The geography of the shortage has also shifted. Regional and suburban venues , which cannot compete on the social appeal of inner-city locations , are finding the hiring environment harder than their CBD counterparts. The working holiday visa pipeline, which historically filled gaps in regional hospitality, has not returned to pre-2020 levels.
What operators are doing differently
The most effective responses fall into three categories: reducing labour demand, retaining staff better, and making remaining roles more productive.
Reducing labour demand without reducing service quality
- Self-ordering kiosks and QR table ordering in appropriate venue formats, reducing front-of-house requirements for order-taking without removing human interaction from service.
- Kitchen display systems replacing paper dockets, reducing miscommunication and rework that adds to kitchen labour.
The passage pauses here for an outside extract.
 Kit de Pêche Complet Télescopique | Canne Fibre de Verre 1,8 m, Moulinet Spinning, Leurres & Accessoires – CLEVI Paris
- Menu simplification , fewer SKUs, tighter ingredient lists, and prep-intensive items removed. A smaller menu executed well typically requires fewer hands than a large menu executed inconsistently.
Retaining staff longer
- Rostering flexibility remains the most cited retention factor in industry surveys. Venues that use predictive rostering software to give staff more notice and more consistency in their hours report lower turnover.
- Structured career pathways, even in smaller venues , a clear route from junior to senior roles, with corresponding pay increases, outperforms ad hoc wage negotiations for retention.
- Genuine engagement in scheduling, using tools that allow staff to indicate availability and swap shifts, reduces the resentment that drives resignations.
Making existing roles more productive
- Pre-shift briefings that communicate daily specials, 86'd items and table priorities reduce the number of kitchen-to-floor communication trips during service.
- Integrated POS and kitchen systems that eliminate double-handling of orders, modifications and payments free staff for higher-value customer interactions.